- [What needs to be done] Begin at the line containing "Cruiser Island By Swiss-belhotel Resort *" in the data below and go on through the line containing "Used Dacia Sandero", repeating each line exactly; include both ends and no other line.

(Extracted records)
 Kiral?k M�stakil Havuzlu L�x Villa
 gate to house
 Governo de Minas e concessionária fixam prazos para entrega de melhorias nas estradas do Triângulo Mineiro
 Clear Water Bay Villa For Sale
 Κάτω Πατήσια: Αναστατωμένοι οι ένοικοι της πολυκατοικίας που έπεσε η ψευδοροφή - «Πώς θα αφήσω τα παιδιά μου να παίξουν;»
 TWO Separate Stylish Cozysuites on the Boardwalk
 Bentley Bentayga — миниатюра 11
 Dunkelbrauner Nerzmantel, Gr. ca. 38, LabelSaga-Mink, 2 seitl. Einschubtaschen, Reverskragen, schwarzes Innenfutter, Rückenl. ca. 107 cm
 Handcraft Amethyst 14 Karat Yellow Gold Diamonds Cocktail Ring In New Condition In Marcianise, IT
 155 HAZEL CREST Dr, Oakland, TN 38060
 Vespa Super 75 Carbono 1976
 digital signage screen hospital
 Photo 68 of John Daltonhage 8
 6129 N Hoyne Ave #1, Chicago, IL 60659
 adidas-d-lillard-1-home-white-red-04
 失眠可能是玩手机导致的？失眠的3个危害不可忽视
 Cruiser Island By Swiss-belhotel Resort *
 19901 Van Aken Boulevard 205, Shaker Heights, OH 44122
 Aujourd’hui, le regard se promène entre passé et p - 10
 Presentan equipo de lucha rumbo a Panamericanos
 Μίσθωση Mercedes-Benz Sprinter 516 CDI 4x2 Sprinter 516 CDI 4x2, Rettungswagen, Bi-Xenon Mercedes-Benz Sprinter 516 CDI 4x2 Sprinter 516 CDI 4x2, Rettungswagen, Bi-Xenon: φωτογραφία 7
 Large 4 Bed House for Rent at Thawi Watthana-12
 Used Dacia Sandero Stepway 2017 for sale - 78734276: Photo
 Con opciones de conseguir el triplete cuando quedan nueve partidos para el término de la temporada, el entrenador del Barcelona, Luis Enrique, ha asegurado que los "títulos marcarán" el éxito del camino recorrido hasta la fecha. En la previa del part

- [Response box]
 Cruiser Island By Swiss-belhotel Resort *
 19901 Van Aken Boulevard 205, Shaker Heights, OH 44122
 Aujourd’hui, le regard se promène entre passé et p - 10
 Presentan equipo de lucha rumbo a Panamericanos
 Μίσθωση Mercedes-Benz Sprinter 516 CDI 4x2 Sprinter 516 CDI 4x2, Rettungswagen, Bi-Xenon Mercedes-Benz Sprinter 516 CDI 4x2 Sprinter 516 CDI 4x2, Rettungswagen, Bi-Xenon: φωτογραφία 7
 Large 4 Bed House for Rent at Thawi Watthana-12
 Used Dacia Sandero Stepway 2017 for sale - 78734276: Photo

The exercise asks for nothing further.